The lack of urgency persisted until remarkably late. One measure of this tardiness was thei willingness of fund managers to apply for a Legal Entity Identifier (LEI), the unique alphanumeric codes that the trade repositories need to identify counterparties (see “LEIs: what they are, who needs one, and where to get one,” page 18). Despite the fact managers need one for each of their individual funds, and indeed for each managed account too, they were remarkably slow to trouble the issuers of LEIs. “If a fund manager has 20 funds, they need 20 LEIs,” said the head of operational due diligence at a major European fund of hedge funds of the time, but virtually nobody listened until 2014 was well under way.

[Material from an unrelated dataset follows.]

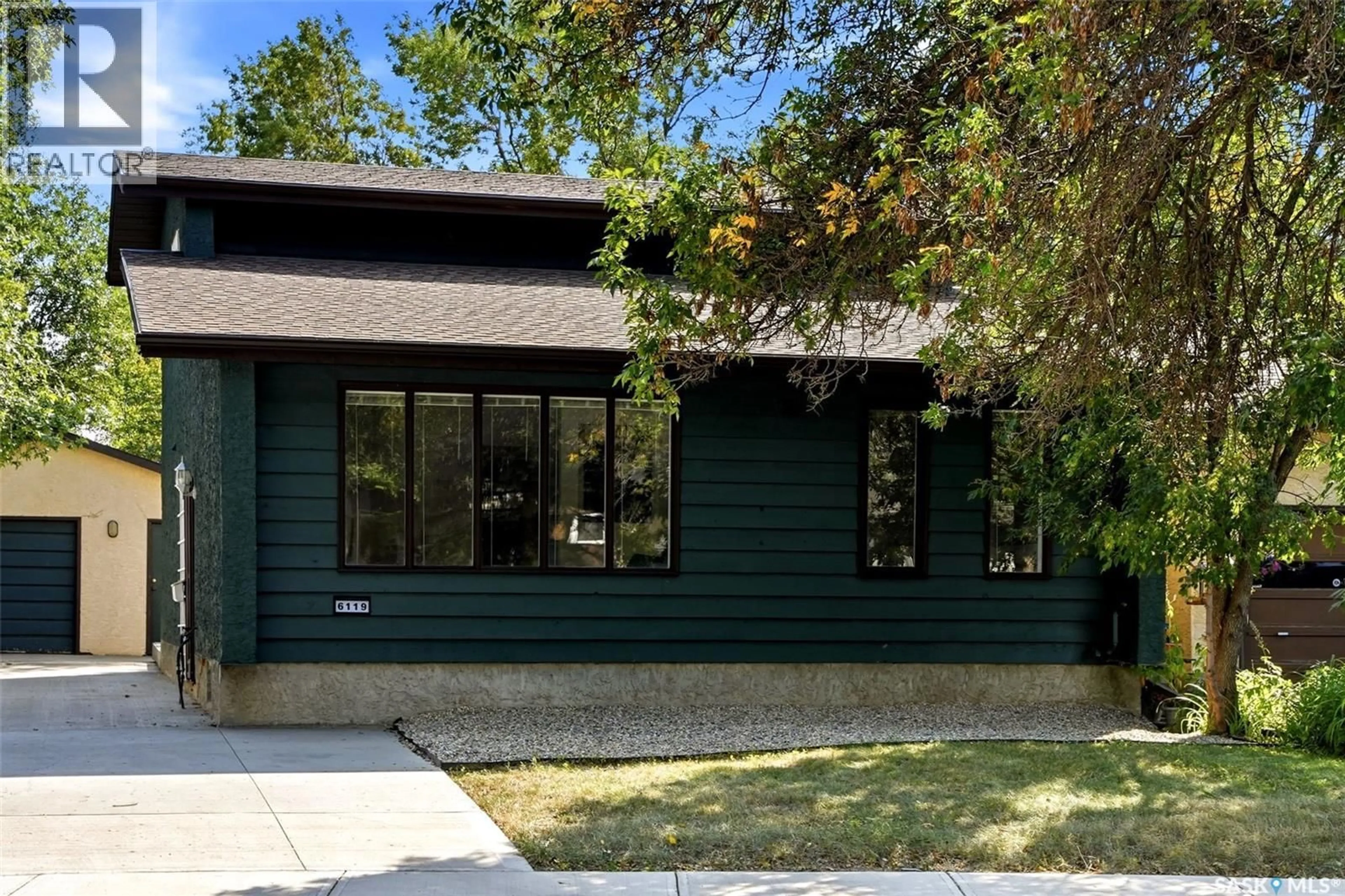 Home with brick exterior material, street for 6119 DALGLIESH DRIVE, Regina Saskatchewan S4X2K3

That said, levels of preparedness did vary. “It is evident that larger buy-side firms have put a lot of resources and man-hours into complying with EMIR, whereas smaller fund managers may have been more challenged to do so,” notes Stewart Macbeth, president and chief executive officer at the Depository Trust & Clearing Corporation Derivatives Repository Limited at the beginning of this year. Initially, smaller managers had assumed their clearing broker would do the work for them, and clearing brokers are indeed doing exactly that for their favourite clients. But even some large managers had assumed – somewhat complacently, as it turned out – that their custodians would do the job for them. Custodian banks quickly acquired a reputation for cost prohibitive pricing of reporting services, particularly to small and mid-sized managers. Several managers that had outsourced their middle and back office operations to custodians were surprised to find they had scarcely prepared at all (see “Are custodians helping fund managers to report?,”). So smaller firms turned to their fund administrators instead. Higher volume managers reasoned they might as well do it themselves, since they would have to do most of the work anyway. “If a fund manager is large enough and has sufficient scale and high volumes of derivatives transactions, it could probably report directly to the trade repository,” thought Jon Anderson, managing director at alternative fund administrator SS&C GlobeOp, which helped a number of clients ensure they were ready on 12 February 2014.

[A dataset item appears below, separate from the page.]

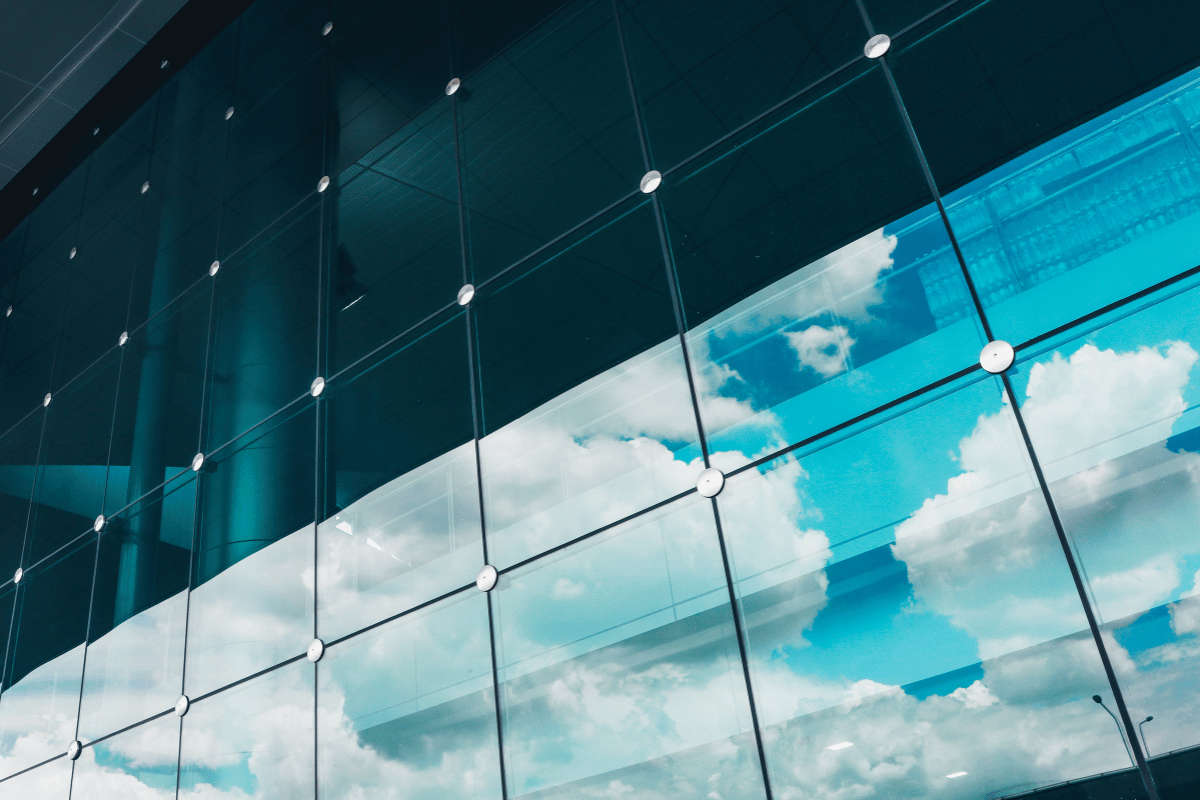 Glass building facade reflecting blue sky and clouds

Fortunately, regulators have taken a relatively relaxed attitude towards compliance since the deadline passed, provided managers can demonstrate concrete progress towards meeting their obligations. The even more relaxed timetable for back-loading of trades has helped as, paradoxically, has the fact that almost every counterparty and every type of trade has to be reported. “Regulators are going to give firms a grace period to get to grips with the data sets and formats they provide either directly to the trade repository or to their outsourced provider,” says one market participant.